Important genetic genealogy data affecting, quite literally, millions of people is far more fragile than we might think.

by Edison Williams G2G6 Pilot (439k points)
selected by Peter Roberts
Quite excellent Edison Williams. I know surname "Williams" is a rather large project within FT. I was coadmin, did Y results and matching for surname Johnson at FT, which was 3rd largest project within FT for many years, may still be... WE co-admins walked away some years back because of "privacy issues".

"Privacy issues" came up with our linked JJJ external website which focused on pedigrees presented as groups with "group leaders" and those were linked to our public display of Y results. All who participated did so in good faith, and we operated on that principle. It was all about presenting connections.

We had an awesome website: Presidential pages, War veterans pages, and a world wide library that hosted research. We left it all. Then later found that (someone) at FT had reconstructed links to our webpage, and we called on that. They took it down, but bits & pieces of our old web page still float here and there....

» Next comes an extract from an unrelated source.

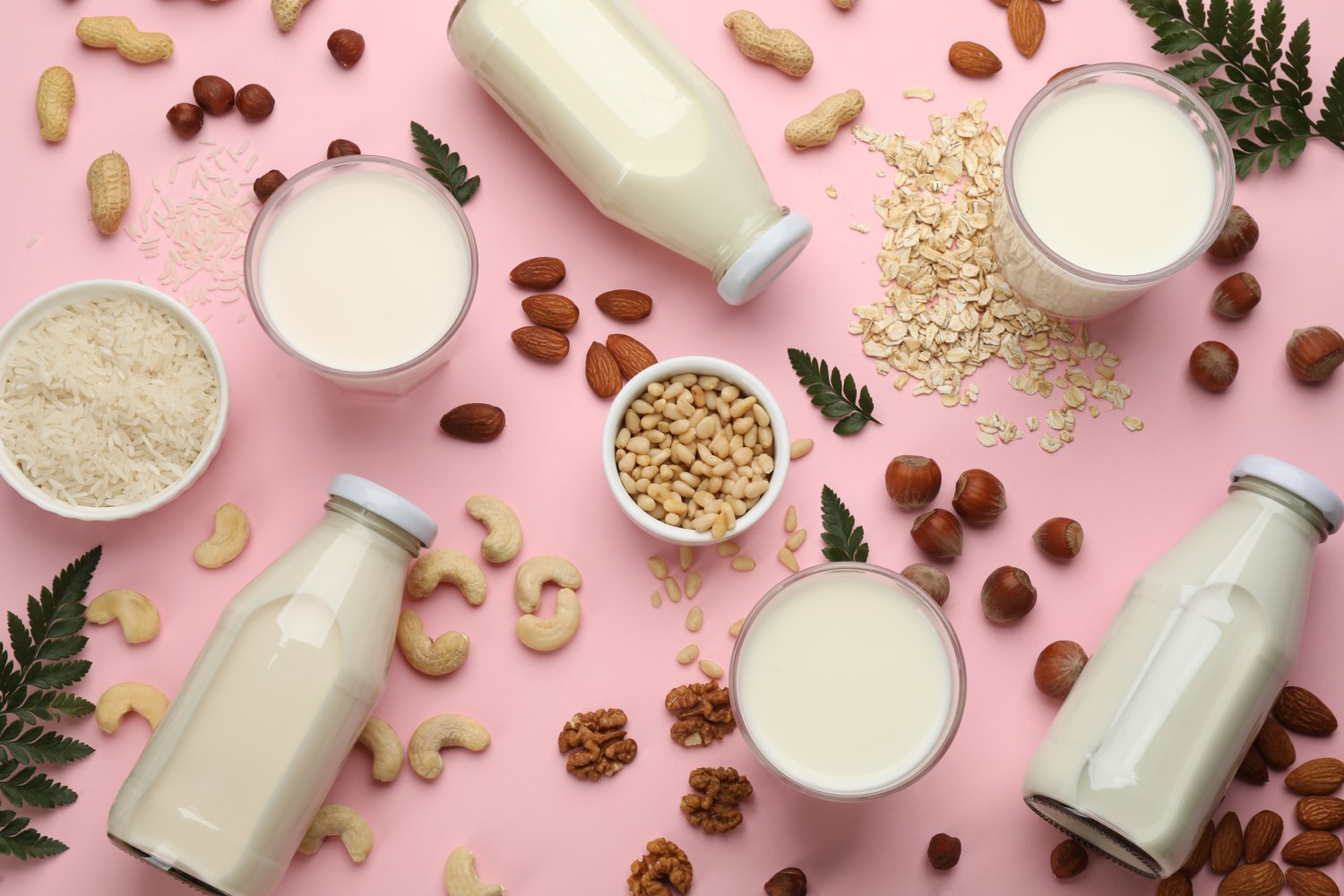 Photo of different vegan milks and ingredients on pink background, flat lay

Bennett is a very smart man, he let Ancestry do the TV shows and then capitalized on that without investing any money. Hats off to him. FT will survive I think.

Y search has not been of much value for years. Also the MT stuff is a moot point. The y results and the projects that focus on specifics within that are of value. Also the FF is doing well.

Sherrie Mitchell-17863
+8 votes
Thanks for the alert, Edison.
by Carolyn Martin G2G6 Pilot (283k points)
You're very welcome, Carolyn. I wish I could provide more cheerful alerts, though.  ;-)
+4 votes
If pedigree information from ySearch/MitoSearch is something you don't want to lose, are you aware that geni.com scraped it into their tree - causing chaos with duplications* in the process in my view - but nonetheless it may be available there.

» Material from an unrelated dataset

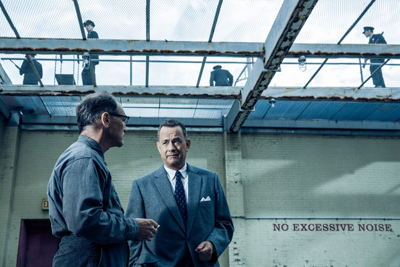 A man in a suit talks to a man in a grey shirt in a courtyard with guards on a walkway above.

* and often obsolete haplogroups
by Lorna Henderson G2G6 Mach 3 (31.0k points)
edited by Lorna Henderson
I can see haplogroup information at Geni.  Is there any kind of link        which allows you to see STRs (haplotypes)?
Thanks, Lorna. As you noted, the chaos that's been caused by companies (and individuals) "scraping" unverified information into online trees is very much the dark side of the internet and genealogy. What drew me to WikiTree, in fact, were the first seven words of its missions statement: "Our mission is to grow an accurate..."

I personally never bothered with MitoSearch--and not much with Ysearch in recent years--but the pedigree information is minimal at best...especially with common surnames and forenames that might well be squashed incorrectly into thousands of family trees.

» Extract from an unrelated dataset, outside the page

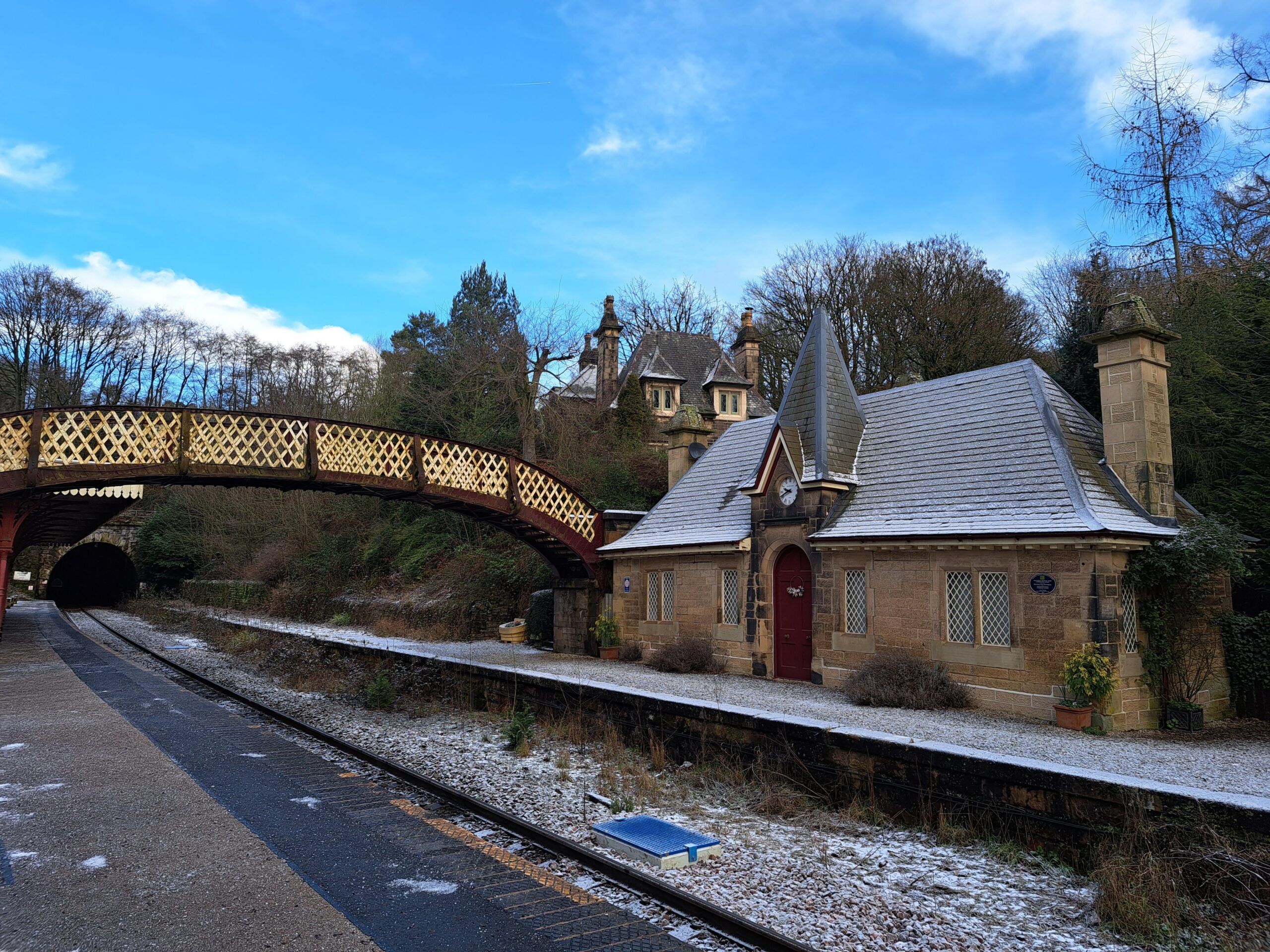 Cromford station with a layer of frost covering the bridge and station building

Even though I don't use Ysearch much, what I do bemoan is the loss of yet another free, public database where researchers can opt-in to share information. The demise of Ysearch effectively means that the only general repository of Y-STR data in any volume is at FTDNA, and for actual yDNA data FTDNA has a bit of AncestryDNA flavor to it: the results reported are very good, but you can't get at any useful level of detail even when directly viewing matches. Your matches can't see your Y-STR marker values, and vice-versa. If they've joined a surname DNA project and you can find them there, that's the only way to see the detail unless they're willing to email you their results. At least Ysearch, as flawed as it came to be, displayed the Y-STR values so you could do one-to-one evaluation based on specific markers and mutation rates.
Peter:  GMTA.  ;-)
Peter,

Haplogroups only as far as I remember but the links I recall tried to take you back to ySearch, where the further detail would have been available to some extent IF you could access it.

But I've not been able to get links to ySearch to work and haven't bothered with it for years, preferring to point people to point FTDNA projects, and encouraging project members to review their settings so that the haplogroup, STRs and most distant ancestors are available to view.